ILANIT 2023

Developing future food solutions: The power of in vitro digestion models and enginomics

Uri Lesmes
Biotechnology and Food Engineering, Technion, Israel

Sustainable, diverse and high-quality food solutions for future generations require in depth control over food compositions, structures as well as understanding of their digestive fate. This talk will overview some of our current understanding of the intersections of food processing, food physicochemical properties and bioaccessibility of bioactives in the gut1. Specific emphasis will be drawn to the potential of in vitro digestion models and digestomic analyses to shed light on the complexity of protein nutritional values and protein digestion in adult men, women and elderly people.
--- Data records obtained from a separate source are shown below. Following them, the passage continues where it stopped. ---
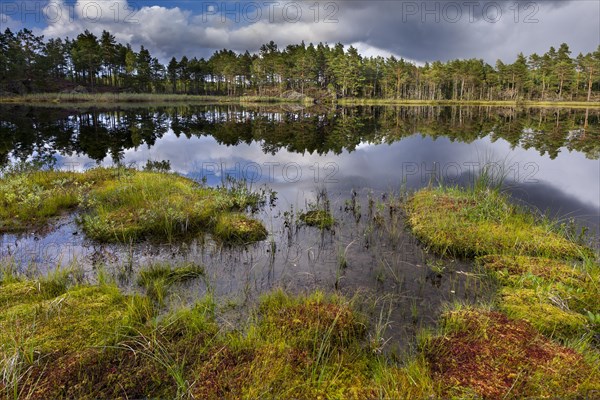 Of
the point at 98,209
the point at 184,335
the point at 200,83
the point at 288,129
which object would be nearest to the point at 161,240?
the point at 98,209

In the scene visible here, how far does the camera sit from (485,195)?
10.2 meters

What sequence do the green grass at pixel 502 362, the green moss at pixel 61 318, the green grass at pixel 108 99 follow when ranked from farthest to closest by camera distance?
1. the green grass at pixel 108 99
2. the green moss at pixel 61 318
3. the green grass at pixel 502 362

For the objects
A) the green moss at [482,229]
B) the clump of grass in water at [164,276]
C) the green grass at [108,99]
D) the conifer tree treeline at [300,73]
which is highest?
the conifer tree treeline at [300,73]

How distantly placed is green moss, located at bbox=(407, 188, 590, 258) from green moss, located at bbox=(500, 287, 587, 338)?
1888 millimetres

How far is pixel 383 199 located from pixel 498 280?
575cm

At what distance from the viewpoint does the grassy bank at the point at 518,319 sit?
3539 mm

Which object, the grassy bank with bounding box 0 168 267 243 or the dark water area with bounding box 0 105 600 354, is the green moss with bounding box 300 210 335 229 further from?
the grassy bank with bounding box 0 168 267 243

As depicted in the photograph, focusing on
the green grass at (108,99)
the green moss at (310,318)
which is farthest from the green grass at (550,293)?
the green grass at (108,99)

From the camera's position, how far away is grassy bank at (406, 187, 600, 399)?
354cm

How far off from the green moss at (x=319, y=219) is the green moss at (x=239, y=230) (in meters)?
1.38

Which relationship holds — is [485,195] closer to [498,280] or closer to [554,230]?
[554,230]

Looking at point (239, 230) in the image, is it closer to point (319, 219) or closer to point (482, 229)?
point (319, 219)

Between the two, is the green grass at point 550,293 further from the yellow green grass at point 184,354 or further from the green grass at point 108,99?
the green grass at point 108,99

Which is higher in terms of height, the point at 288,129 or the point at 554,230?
the point at 288,129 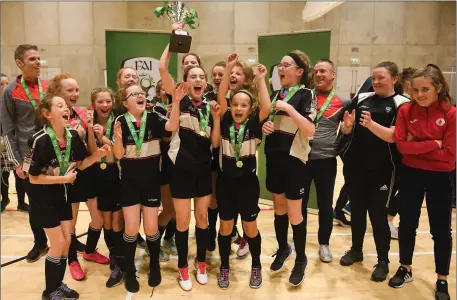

First, we will discuss the development of an in vitro bioreactor-based model used to highlight age-related differences in protein digestion and luminal peptidomic profiles 2,3. Second, we will describe the development of an in vitro digestion model recreating the unique GI conditions of healthy adult males and females based on 40 different clinical trials4. This model highlights the differential proteolysis of whey and soy proteins as demonstrated by SDS-PAGE, LC-MS and proteomic analyses which indicate differences in bioaccessibility of bioactive peptides. Overall, this talk emphasizes that development of future health-oriented food choices requires systematic investigation and elucidation of their digestive fate in different consumer. This will help extending our ability to rationally design future foods and optimize them to different consumers and desirable .

1. Orlien, V. et al. (2021) doi:10.1080/10408398.2021.1980763.

2. Shani Levi, C. et al. (2017) Food Hydrocoll. 69, 393–401.

3. David, S., et al. (2020) Foods 9, 1253.

4. Lajterer, C. et al. (2022) Food Hydrocoll. 132, 107850.